======== Study material ========

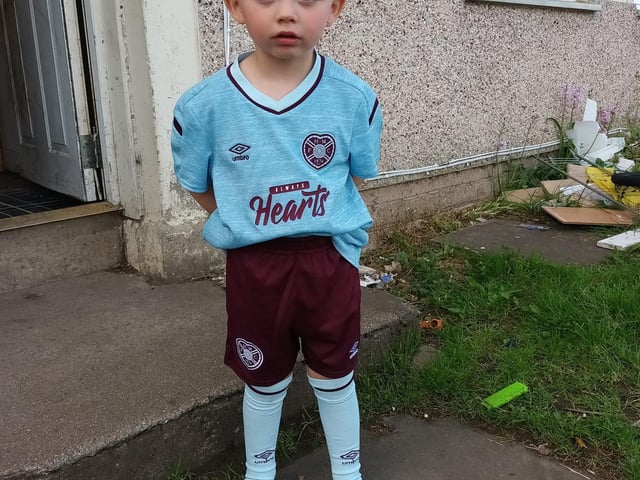 All decked out in club colours ready for the big game.
Pic: Casey Corcoran.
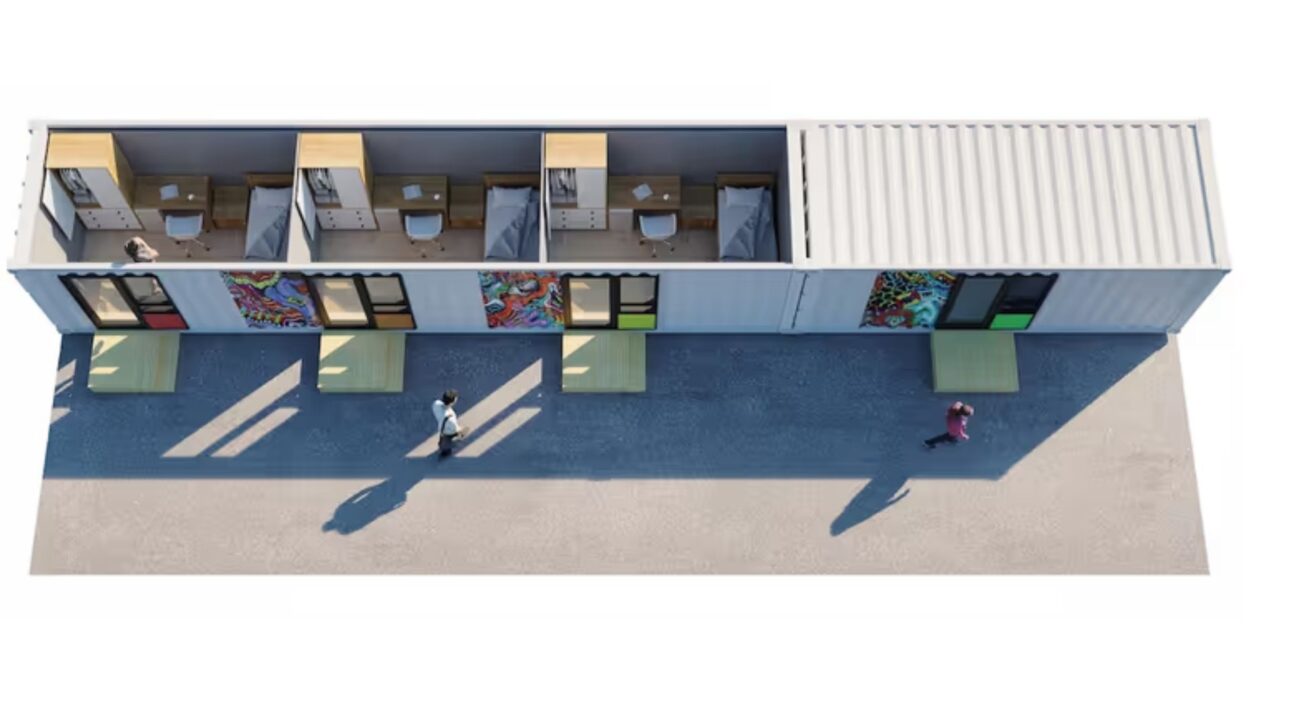 New Westminster, no Canadá, abrirá a 1ª vila de tiny homes para a população de rua: 30 casas de contêiner com cozinha central e moradia com apoio 24h.
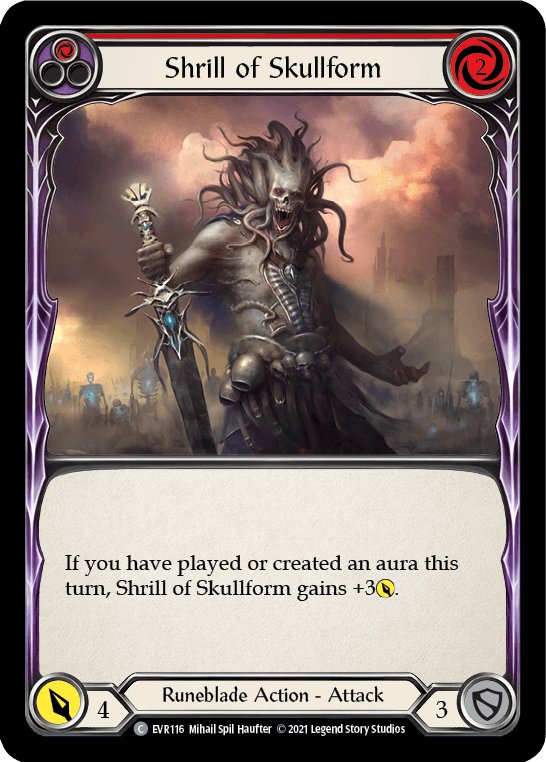 Shrill of Skullform (Red) [EVR116] (Everfest) 1st Edition Normal - POKÉ JEUX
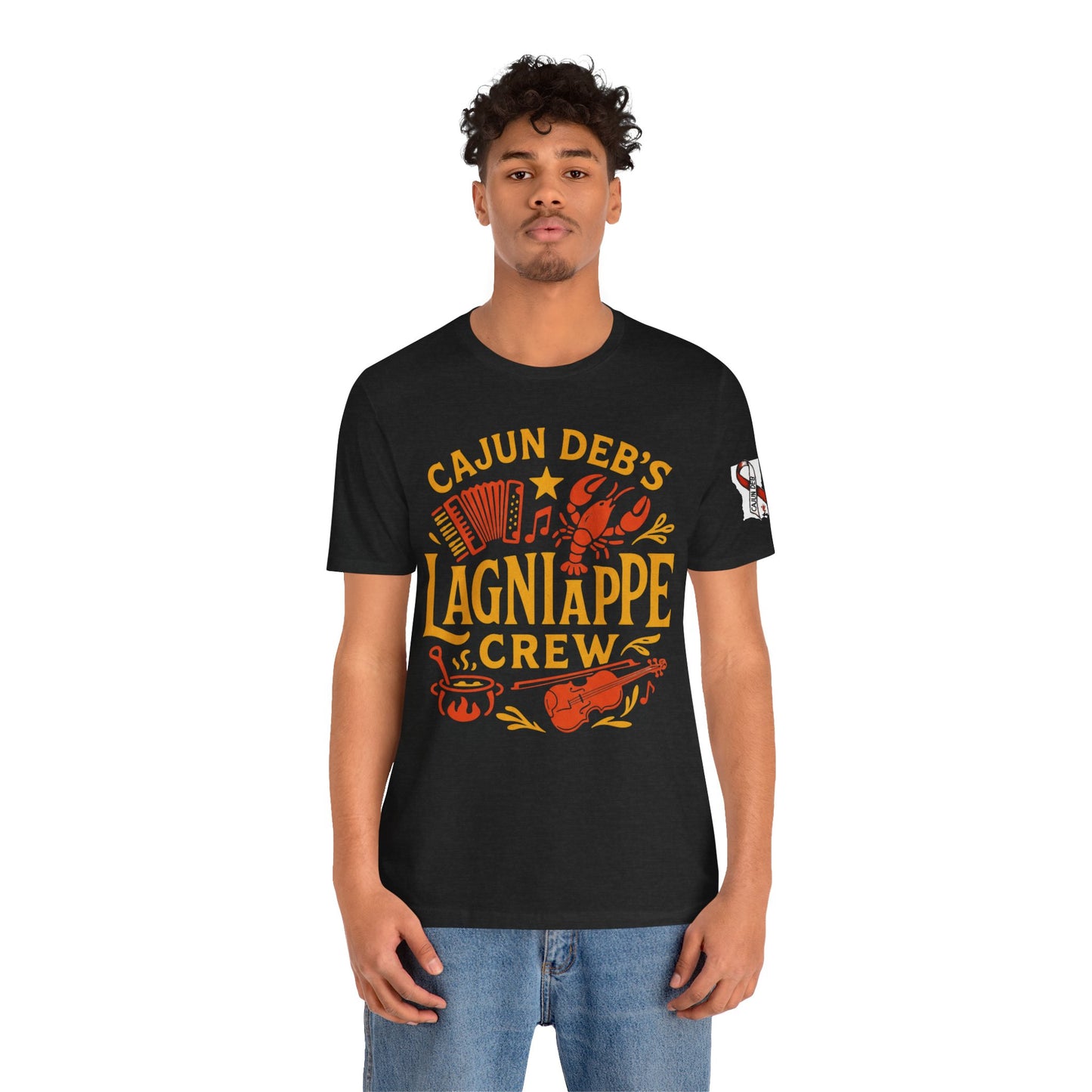 CAJUN DEB Lagniappe Crew shirt Unisex Jersey Short Sleeve Tee Bella Canvas 3001 T-Shirt MDS Awareness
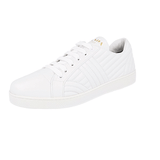 Prada Women's White Leather Diagramme Sneaker 1E254L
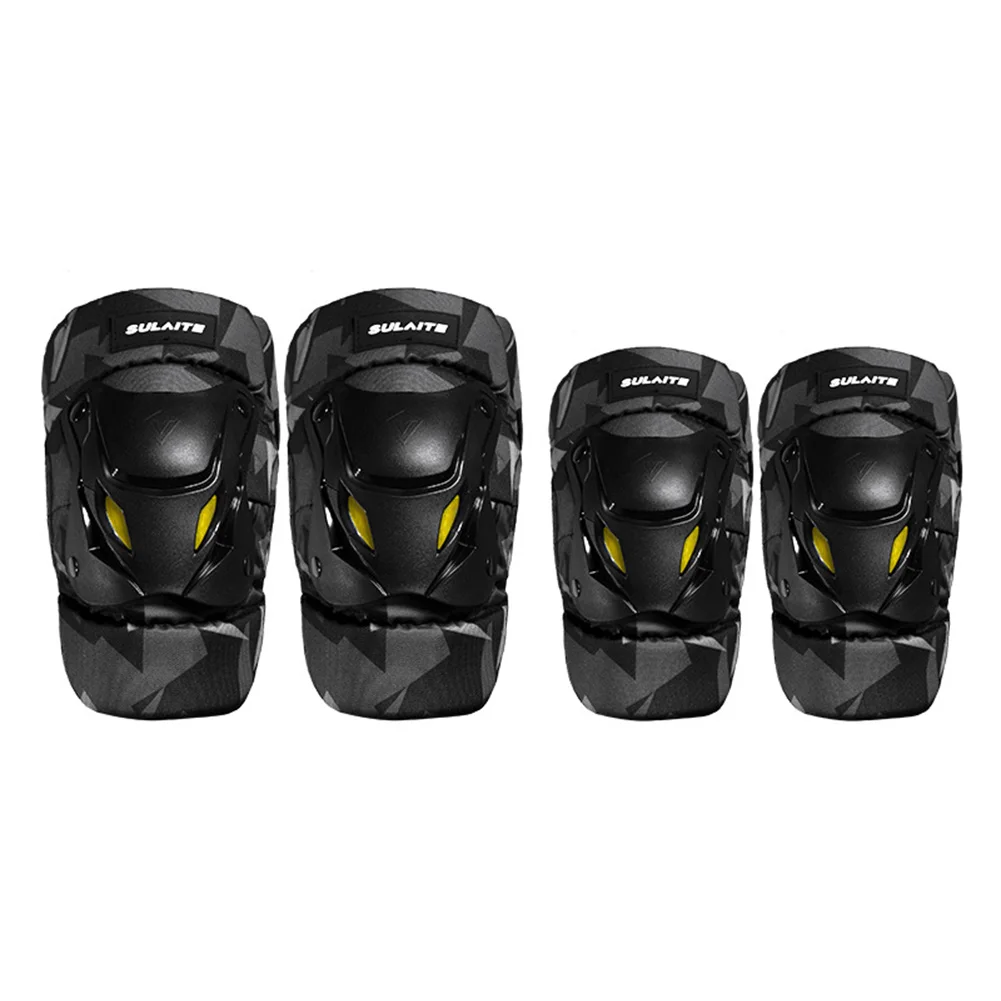 

SULAITE 1Pair Motorcycle Knee Elbow Combo Kneepad for Men Protective Sport Guard MTB Racing Motocross Protector Gear Motocicleta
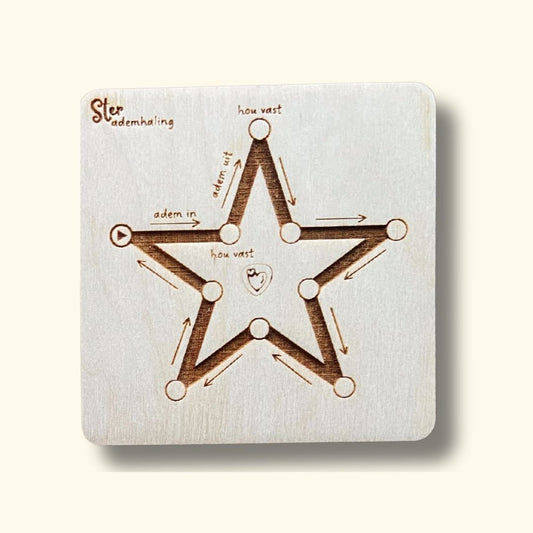 Houten Ademkaart - Ster - Droomdiertjes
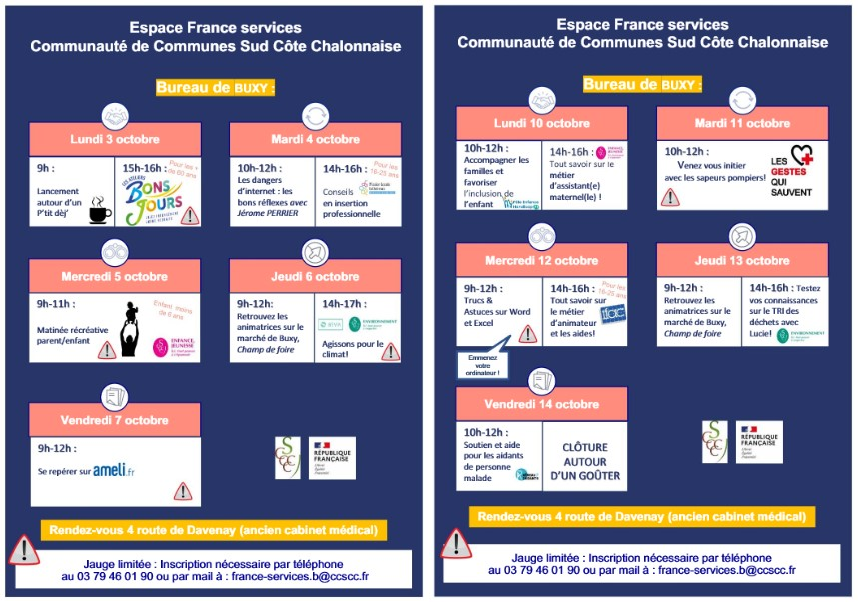 FRANCE SERVICES - Portes ouvertes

========

**Directions for this task:** Return the entries verbatim, pictures excluded.

**Answer to this problem:**
 All decked out in club colours ready for the big game.
Pic: Casey Corcoran.
 New Westminster, no Canadá, abrirá a 1ª vila de tiny homes para a população de rua: 30 casas de contêiner com cozinha central e moradia com apoio 24h.
 Shrill of Skullform (Red) [EVR116] (Everfest) 1st Edition Normal - POKÉ JEUX
 CAJUN DEB Lagniappe Crew shirt Unisex Jersey Short Sleeve Tee Bella Canvas 3001 T-Shirt MDS Awareness
 Prada Women's White Leather Diagramme Sneaker 1E254L

SULAITE 1Pair Motorcycle Knee Elbow Combo Kneepad for Men Protective Sport Guard MTB Racing Motocross Protector Gear Motocicleta
 Houten Ademkaart - Ster - Droomdiertjes
 FRANCE SERVICES - Portes ouvertes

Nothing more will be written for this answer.